#### RECORDS TO PROCESS ####

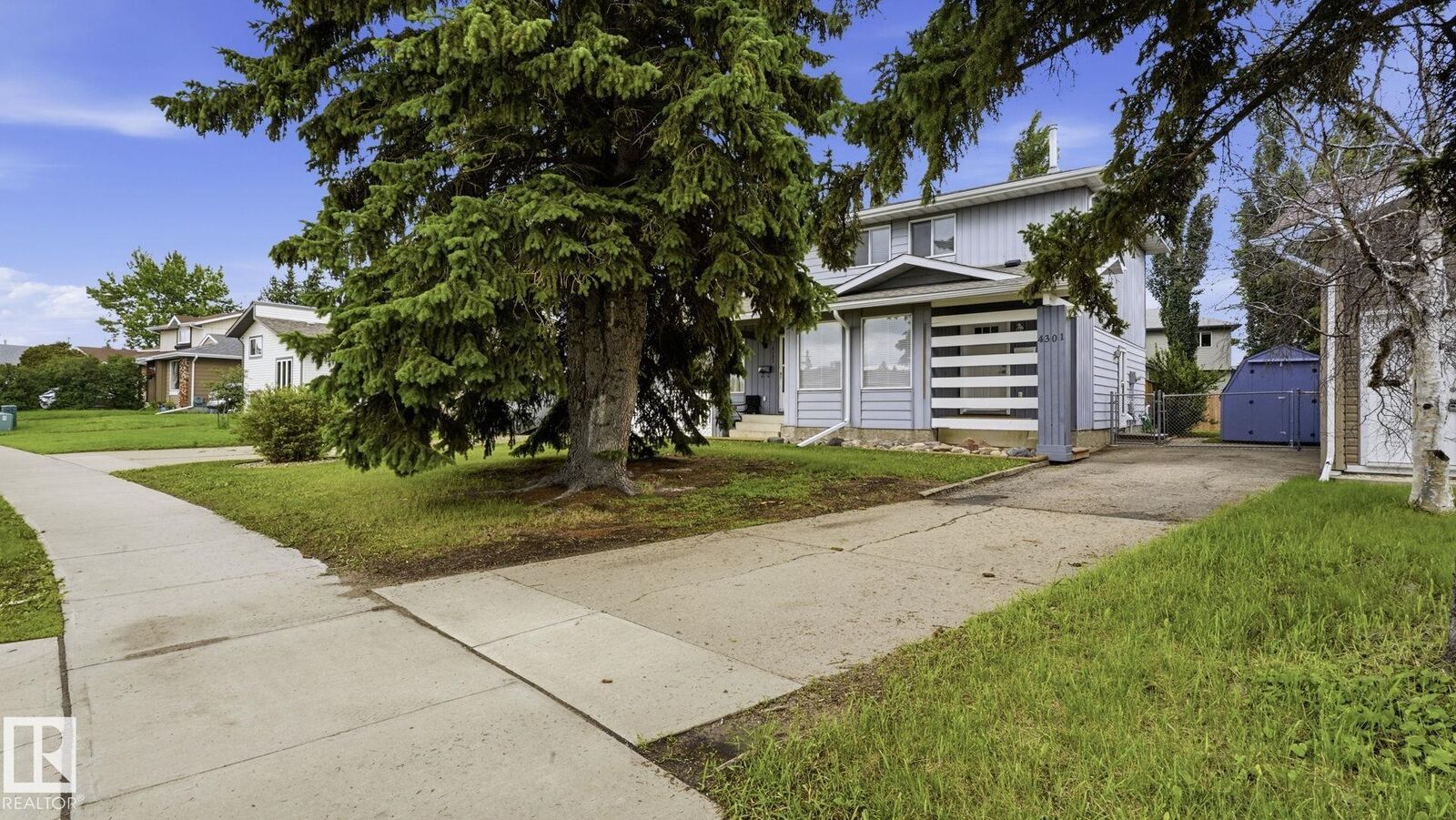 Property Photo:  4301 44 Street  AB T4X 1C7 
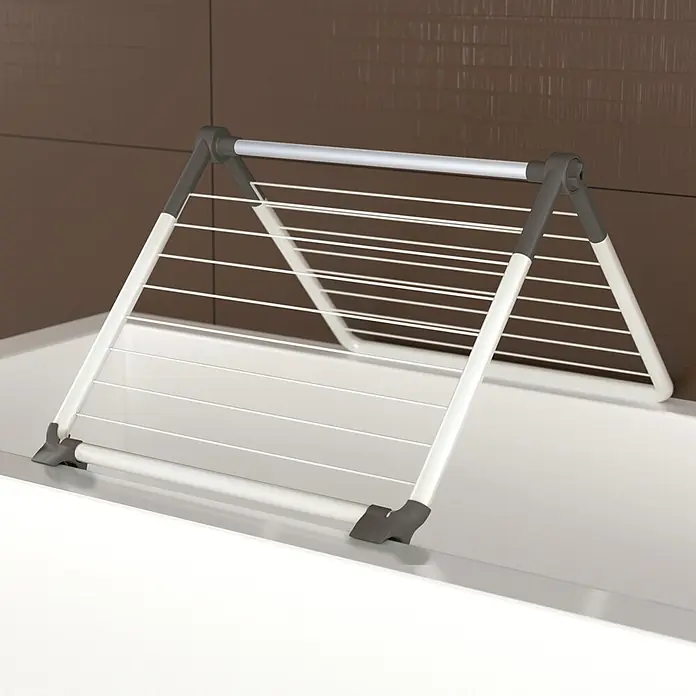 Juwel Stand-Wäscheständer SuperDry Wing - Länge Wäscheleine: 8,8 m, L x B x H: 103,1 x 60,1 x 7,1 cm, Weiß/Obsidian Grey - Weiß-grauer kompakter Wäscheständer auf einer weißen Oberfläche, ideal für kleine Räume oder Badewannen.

####
#### RECORDS TO PROCESS ####

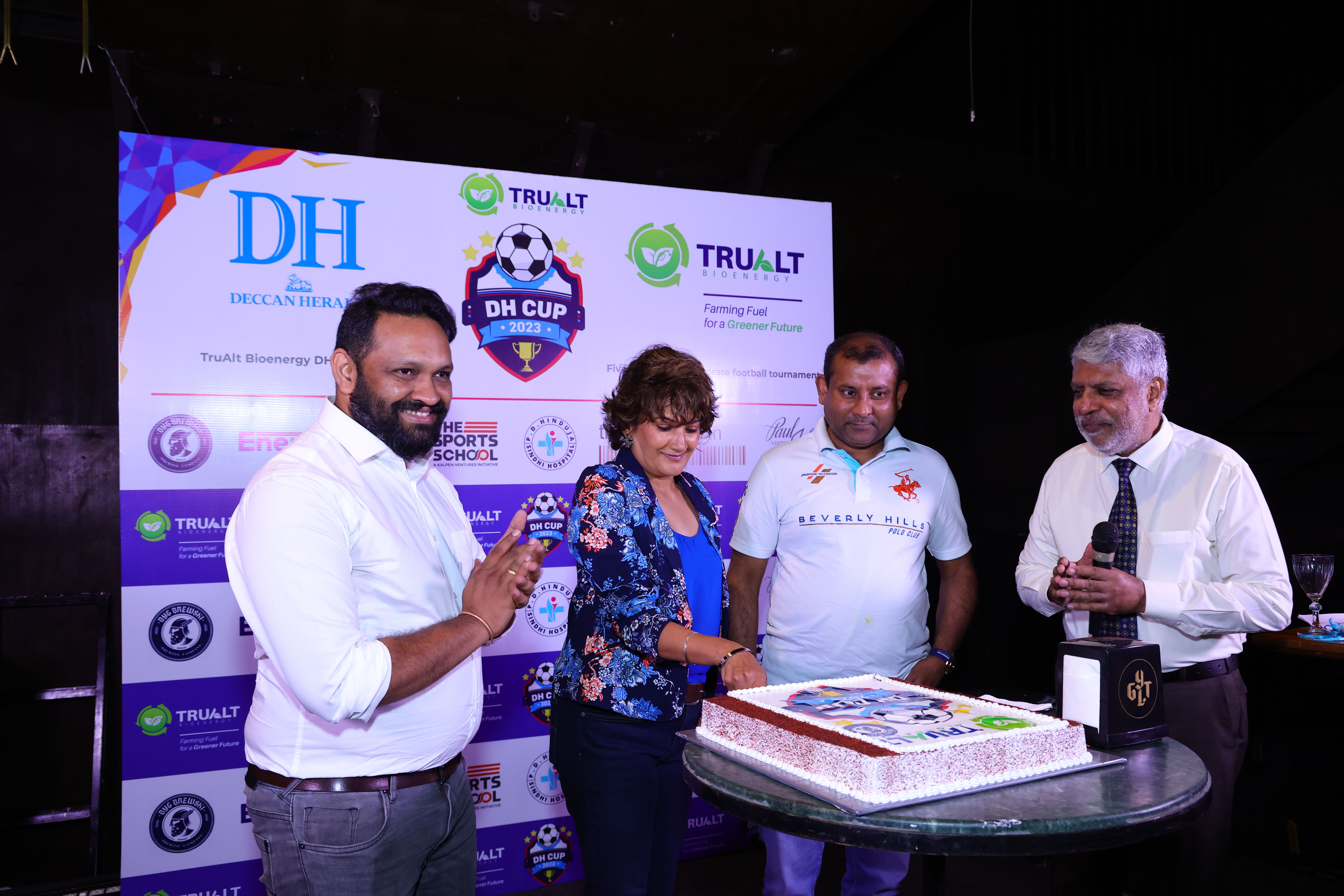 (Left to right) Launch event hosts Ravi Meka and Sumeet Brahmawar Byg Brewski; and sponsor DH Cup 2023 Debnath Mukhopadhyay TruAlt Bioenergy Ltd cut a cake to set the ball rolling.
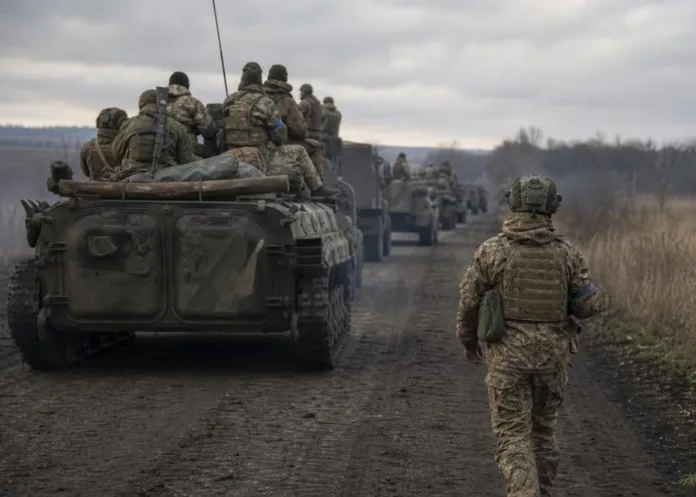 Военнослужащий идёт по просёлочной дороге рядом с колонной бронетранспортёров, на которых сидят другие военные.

####

WORK INSTRUCTION :: What is wanted is an exact copy of the lines above from the one containing "(Left to right)" through the one containing "Военнослужащий идёт по", with no pictures in it.

RESPONSE AREA ::
 (Left to right) Launch event hosts Ravi Meka and Sumeet Brahmawar Byg Brewski; and sponsor DH Cup 2023 Debnath Mukhopadhyay TruAlt Bioenergy Ltd cut a cake to set the ball rolling.
 Военнослужащий идёт по просёлочной дороге рядом с колонной бронетранспортёров, на которых сидят другие военные.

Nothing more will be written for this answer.